Migration from Ostrich¶
Ostrich is a library used to maintain and export statistics and track services. It is obsoleted by TwitterServer.
Commons Metrics replaces Ostrich’s stats library.
Note
Ostrich stats are still present on /stats
if finagle-ostrich4 is
in your runtime classpath.
By using two
flags,
the admin HTTP endpoint /admin/stats.json
supports an Ostrich
compatibility mode:
-com.twitter.finagle.stats.useCounterDeltas=true
-com.twitter.finagle.stats.format=ostrich
If these flags are both set,
HTTP requests to /admin/stats.json
with the period=60
query string
parameter will replicate Ostrich’s behavior by computing deltas on counters
every minute and formatting histograms with the same labels Ostrich uses.
Stats format¶
Ostrich:
{
"counters": {
"finagle/closes": 576,
},
"gauges": {
"finagle/connections": 2,
"finagle/http/failfast/unhealthy_for_ms": 0,
"finagle/http/failfast/unhealthy_num_tries": 0,
},
"labels": {},
"metrics": {
"finagle/connection_duration": {
"average": 1076,
"count": 594,
"maximum": 315467,
"minimum": 3,
"p50": 32,
"p90": 116,
"p95": 116,
"p99": 386,
"p999": 315467,
"p9999": 315467,
"sum": 639346
},
}
}
Commons Metrics:
{
"finagle/closes": 575,
"finagle/connection_duration.avg": 561,
"finagle/connection_duration.count": 592,
"finagle/connection_duration.max": 299986,
"finagle/connection_duration.min": 3,
"finagle/connection_duration.p25": 29,
"finagle/connection_duration.p50": 31,
"finagle/connection_duration.p75": 58,
"finagle/connection_duration.p90": 111,
"finagle/connection_duration.p95": 120,
"finagle/connection_duration.p99": 197,
"finagle/connection_duration.p9990": 2038,
"finagle/connection_duration.p9999": 2038,
"finagle/connection_duration.sum": 332690,
"finagle/connections": 2,
"finagle/http/failfast/unhealthy_for_ms": 0,
"finagle/http/failfast/unhealthy_num_tries": 0,
"finagle/success": 0
...
}
With -com.twitter.finagle.stats.format=ostrich
:
{
"finagle/closes": 575,
"finagle/connection_duration.average": 561,
"finagle/connection_duration.count": 592,
"finagle/connection_duration.maximum": 299986,
"finagle/connection_duration.minimum": 3,
"finagle/connection_duration.p25": 29,
"finagle/connection_duration.p50": 31,
"finagle/connection_duration.p75": 58,
"finagle/connection_duration.p90": 111,
"finagle/connection_duration.p95": 120,
"finagle/connection_duration.p99": 197,
"finagle/connection_duration.p999": 2038,
"finagle/connection_duration.p9999": 2038,
"finagle/connection_duration.sum": 332690,
"finagle/connections": 2,
"finagle/http/failfast/unhealthy_for_ms": 0,
"finagle/http/failfast/unhealthy_num_tries": 0,
"finagle/success": 0
...
}
Note
The stats exported by Ostrich will also be computed by the Ostrich library. It’s not a format conversion but a real dual collection/export of stats. You can compare both stats, but note than you can have different results in histogram values because Commons Metrics is far more precise than Ostrich.
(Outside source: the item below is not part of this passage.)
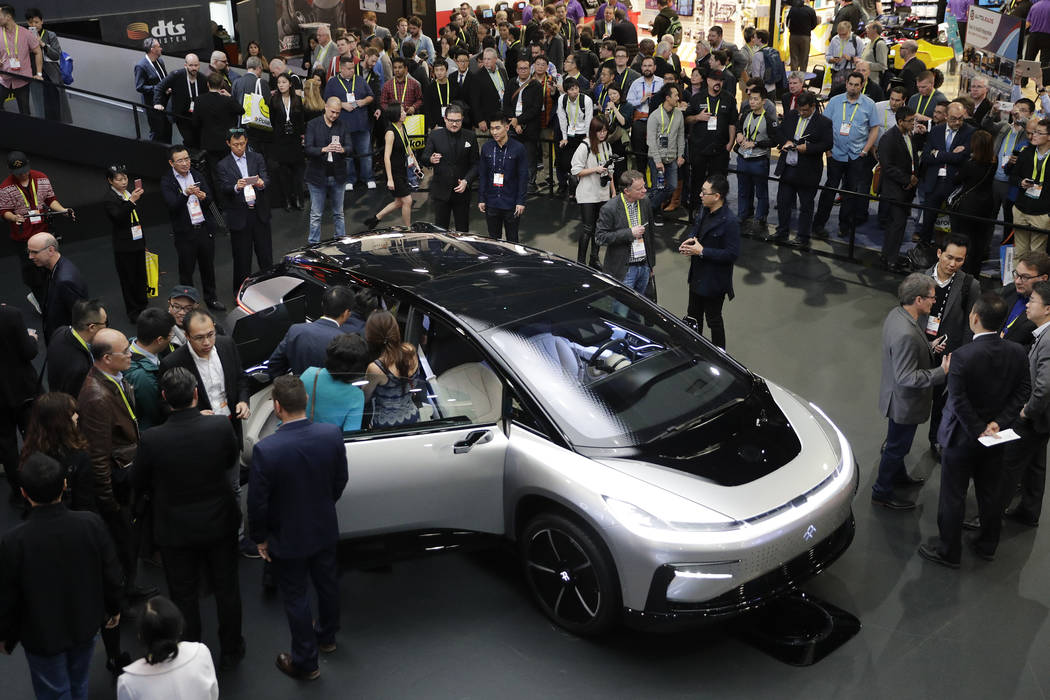 FILE--In this Jan. 3, 2017, file photo, Faraday Future's FF 91 electric car is unveiled during a news conference at CES International in Las Vegas. A contractor is suing upstart electric vehicle c ...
For example, here are the difference between the two libraries for 10k random numbers between 1 and 10,000:
scala> "real p50:%d ostrich:%d metrics:%d".format(p50, op50, mp50)
res7: String = real p50:5066 ostrich:5210 metrics:5066
scala> "real p90:%d ostrich:%d metrics:%d".format(p90, op90, mp90)
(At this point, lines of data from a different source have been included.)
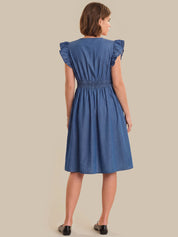 Woman wearing a blue dress with ruffled sleeves on a beige background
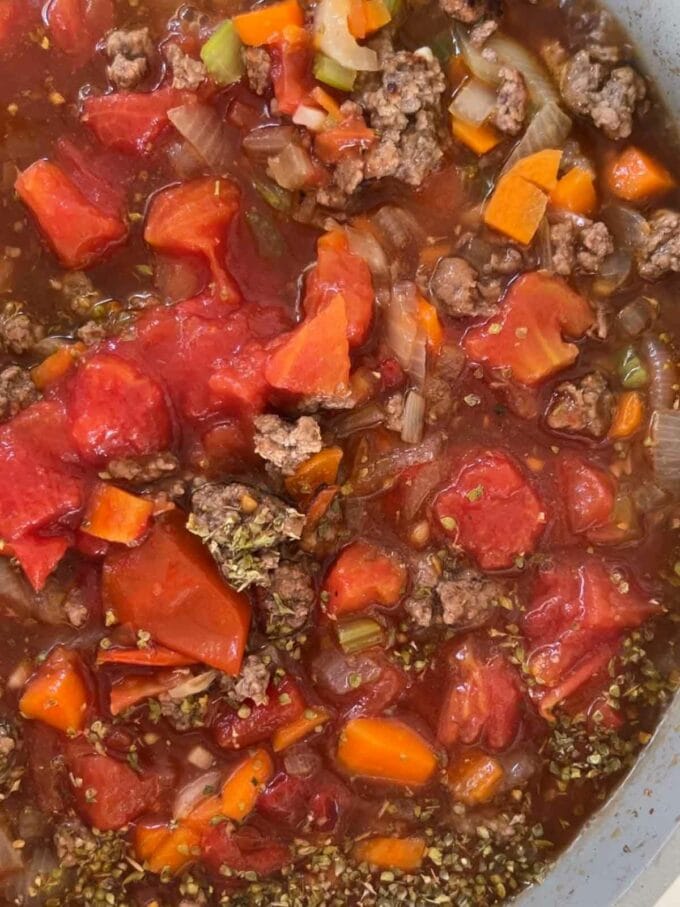 Step 2 in the recipe for Orzo Bolognese. Add tomatoes to the pan.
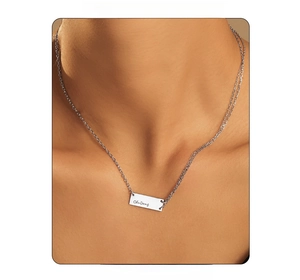 Close-up of a silver rectangular pendant necklace with ChuDong engraving on a model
res8: String = real p90:9072 ostrich:9498 metrics:9072
scala> "real p99:%d ostrich:%d metrics:%d".format(p99, op99, mp99)
res9: String = real p99:9911 ostrich:9498 metrics:9910
You can run this code on your machine to see by yourself.
Step by step guide¶
Convert your code to TwitterServer
Your server will run as before and expose stats through Ostrich’s
/stats
endpoint.
Update your dashboard
Some stats generated by Ostrich will have change. For example, JVM stats in Ostrich are of the form “jvm_gc_ParNew_msec” and with TwitterServer will be “jvm/gc/ParNew/msec”.
Update your collecting system to collect stats from the new URL.
Disable the Ostrich stats
Exclude the finagle-ostrich4 dependency
Enable the Commons Metrics stats
Add the finagle-stats dependency to your classpath. This can be done before removing Ostrich stats in order to ensure that your new alerts and dashboards are correct.